Problem statement —
Where a picture appears, leave it out, and transcribe all the lines below exactly.
Dataset section Start Marker
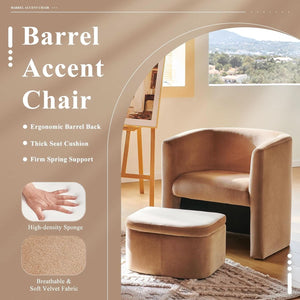 Celia velvet chair features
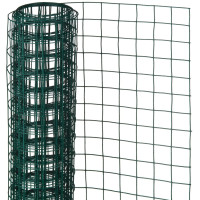 Produktbild för Nature Ståltrådsnät fyrkantig 0,5x2,5 m 13 mm plastbelagd stål grön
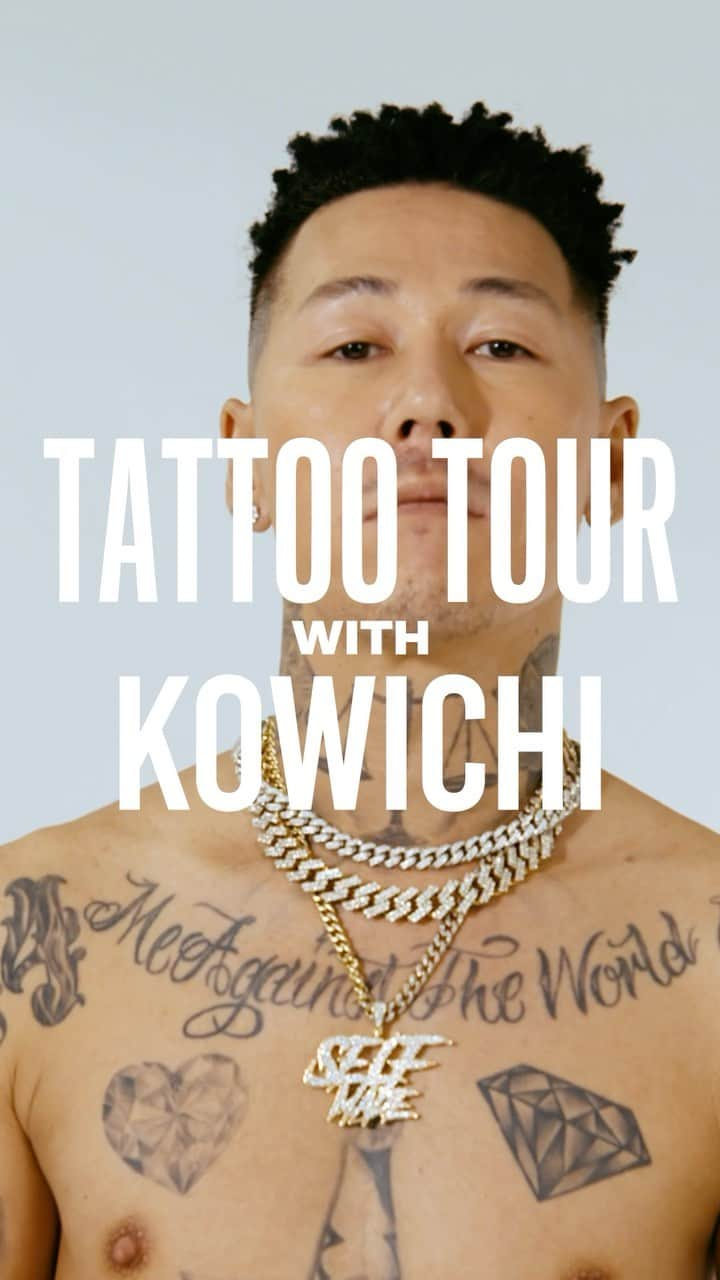 KOWICHIのインスタグラム：「@gqjapan TATTOO TOUR on YouTube🚀」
Dataset section End Marker
Reply to the task —
 Celia velvet chair features
 Produktbild för Nature Ståltrådsnät fyrkantig 0,5x2,5 m 13 mm plastbelagd stål grön
 KOWICHIのインスタグラム：「@gqjapan TATTOO TOUR on YouTube🚀」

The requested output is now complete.